Nous sommes également bien conscients du fait que nous pourrions aller trop loin et favoriser, sans le vouloir, une prise de risques inutile au sein du système. Certains ont notamment demandé que le champ d'action des organismes de surveillance des institutions financières soit restreint aux risques purement financiers, soutenant que seuls les risques financiers importants représentent une menace pour les institutions financières.

Une détermination inébranlable à surveiller les risques non financiers importants

Aujourd'hui, si les risques financiers, comme la suffisance des fonds propres et la liquidité, restent des axes prioritaires qui sont essentiels pour le BSIF, de fâcheux événements nous ont appris que ces risques sont des indicateurs tardifs d'instabilité financière. Selon notre expérience, une évaluation inadéquate des risques non financiers est souvent à l'origine de l'instabilité financière d'une institution.

En effet, d'une part, les risques non financiers peuvent nuire aux droits des déposants, des souscripteurs et des créanciers des institutions financières et, d'autre part, les risques financiers apparaissent souvent comme les derniers signes de ce processus. Par conséquent, les risques non financiers sont bel et bien des risques importants, et le BSIF doit les surveiller et les réglementer d'une manière équivalente aux risques financiers.

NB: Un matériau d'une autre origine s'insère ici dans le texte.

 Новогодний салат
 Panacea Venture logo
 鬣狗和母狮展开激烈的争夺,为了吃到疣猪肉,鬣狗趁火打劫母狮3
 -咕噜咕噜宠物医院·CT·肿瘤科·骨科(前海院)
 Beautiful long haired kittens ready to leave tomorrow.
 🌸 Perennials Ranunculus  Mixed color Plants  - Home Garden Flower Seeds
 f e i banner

En tant que créancier ou prêteur d'une institution financière, posez-vous cette question : est-ce que je peux vraiment me sentir rassuré par les ratios de fonds propres ou de liquidité de mon institution si j'ai des doutes concernant sa gestion du cyberrisque ou du risque lié aux tiers, l'intégrité de ses dirigeants, la sécurité de ses actifs corporels et informationnels, le fait qu'elle respecte les lois des territoires où elle exerce ses activités, sa culture organisationnelle et la rigueur de la gouvernance exercée par son conseil d'administration?

Les annales du secteur financier regorgent d'exemples d'entreprises qui ont fait faillite en raison de lacunes dans ces domaines, même si leurs indicateurs financiers n'avaient pas révélé la gravité des difficultés rencontrées avant les dernières semaines voire les derniers jours de leur existence. Si cet argument ne vous convainc pas, demandez aux anciens créanciers – ou actionnaires – de ces institutions...

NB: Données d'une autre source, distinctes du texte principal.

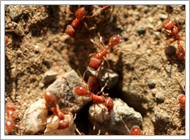 Fire Ant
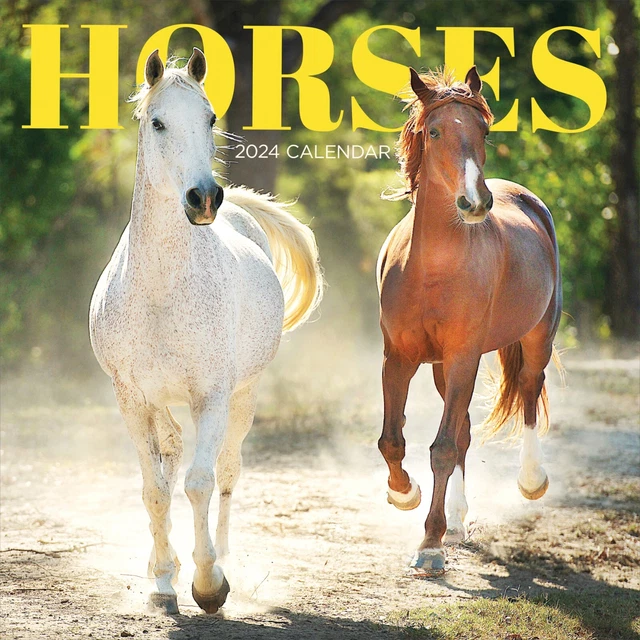 2024 HORSES WALL Calendar $16.99 - PicClick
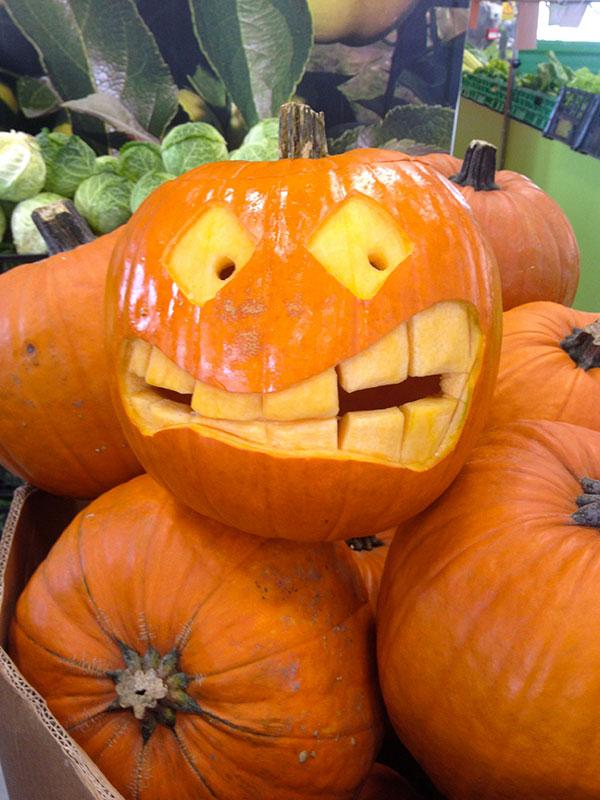 Zucche di Halloween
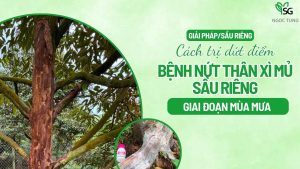 Cách trị dứt điểm bệnh nứt thân xì mủ sầu riêng giai đoạn mùa mưa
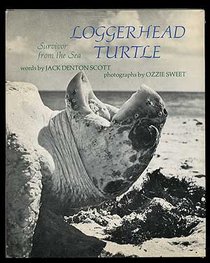 Loggerhead Turtle: Survivor from the Sea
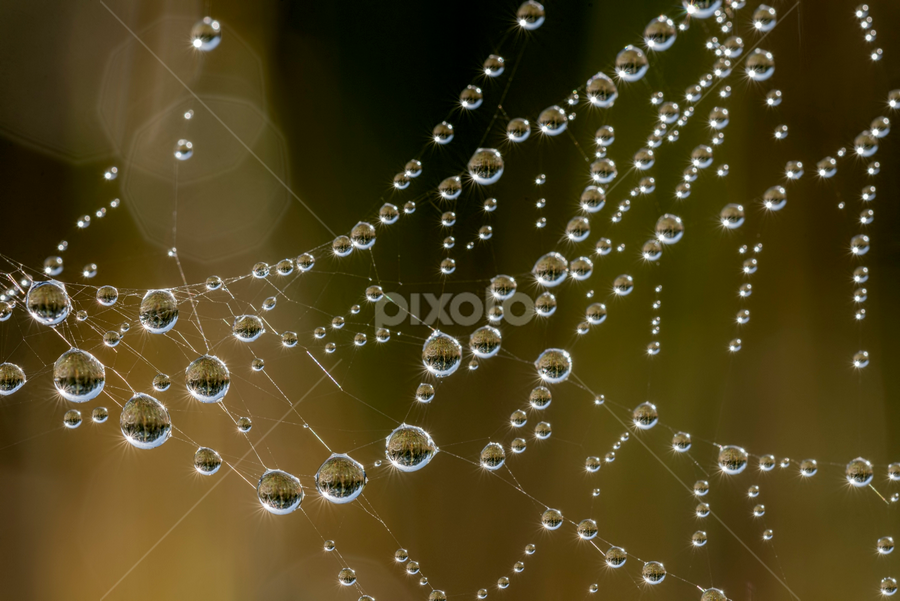 Spiders multiverse by Christopher Burnett - Nature Up Close Webs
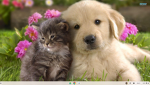 Cats CATS CATS Dogs DOGS DOGS YEAH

Les alliés naturels du BSIF : les conseils d'administration

Cet avant-dernier point m'amène à aborder le message final de ce discours : l'importance fondamentale du conseil d'administration d'une institution financière pour garantir la résilience de l'institution ET sa capacité à offrir des avantages tant aux créanciers qu'aux actionnaires.

Si l'on examine objectivement les résultats du système financier canadien depuis le début du siècle, je pense qu'on peut conclure qu'ils sont meilleurs que ceux des systèmes de nombreux autres pays sur le plan de la stabilité et de la résilience. Les faillites d'institutions ont été assez rares, et si notre système financier a traversé des périodes d'incertitude financière sérieuse à grave, il s'en est sorti sans perturbation majeure et en offrant une rentabilité attrayante aux actionnaires.

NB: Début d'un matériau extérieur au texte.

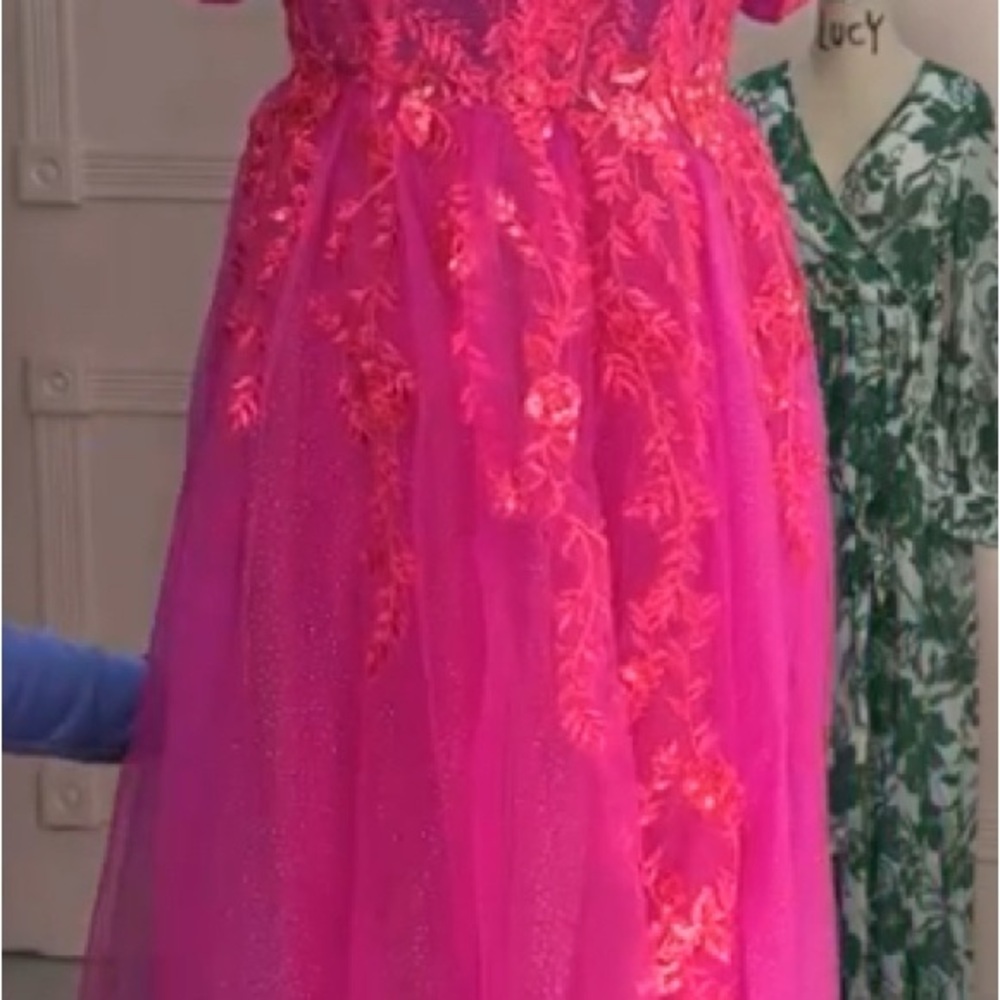 Vibrant Pink Gown with Embroidered Details - Picture 10 of 12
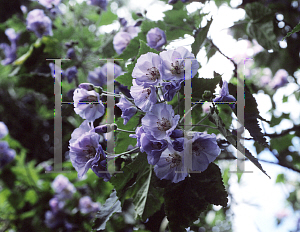 Picture of Abutilon x suntense 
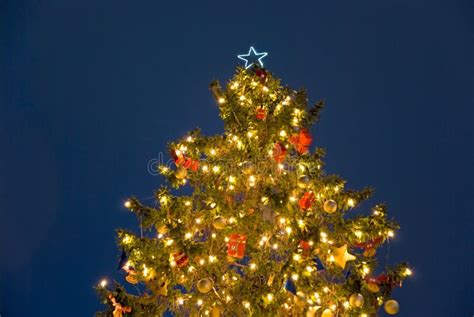 Christmas tree night stock photo. Image of trees, decoration - 16408392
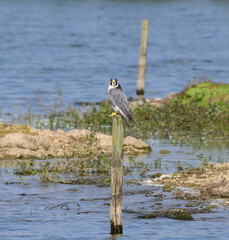 Peregrine falcon sitting on a wooden post scouting the area looking for prey at Blashford Lakes Nature Reserve, Ringwood, Hampshire, England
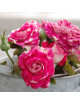 Rosier Terre des Roses® - Rose Valland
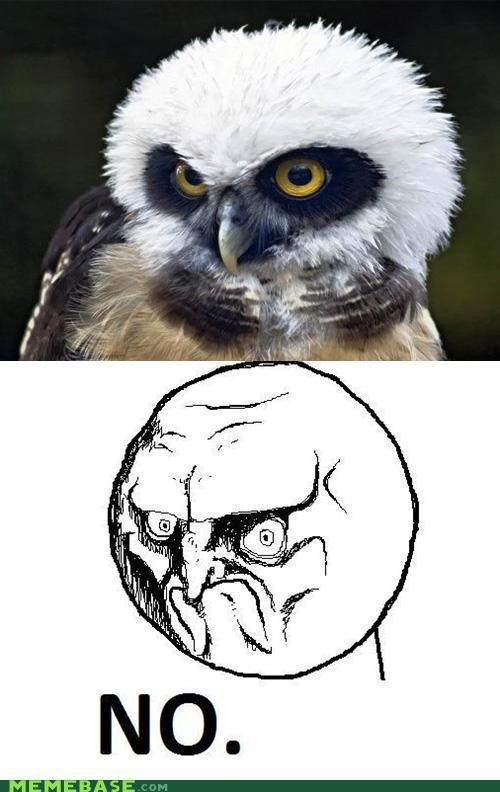 No Owl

Et le mérite de ce bilan ne revient pas au BSIF. De fait, nous surveillons près de 400 institutions financières, et chacune d'entre elles a un conseil d'administration dont la priorité est de créer de la valeur pour ses actionnaires. Par conséquent, si je dois attribuer à quelqu'un le mérite des bons résultats des institutions financières canadiennes, c'est d'abord aux conseils d'administration qui supervisent au quotidien la gestion de leur institution.

En fait, au cours des 4,5 années que j'ai passées comme surintendant, j'ai appris à mieux apprécier cette vérité immuable concernant la surveillance et la réglementation : au BSIF, en tant que représentant des intérêts des créanciers, nous avons de nombreux objectifs en commun avec les conseils d'administration. En effet, là où nous cherchons à assurer la résilience à long terme au profit des créanciers, des déposants et des souscripteurs, les conseils d'administration en font de même au service de leurs actionnaires. Une bonne rentabilité profite aux créanciers, tandis qu'une capitalisation et une liquidité solides profitent aux actionnaires. Par conséquent, sauf circonstances extrêmes, les intérêts des créanciers et ceux des actionnaires concordent, ce qui fait des surveillants du BSIF et des conseils d'administration des alliés naturels.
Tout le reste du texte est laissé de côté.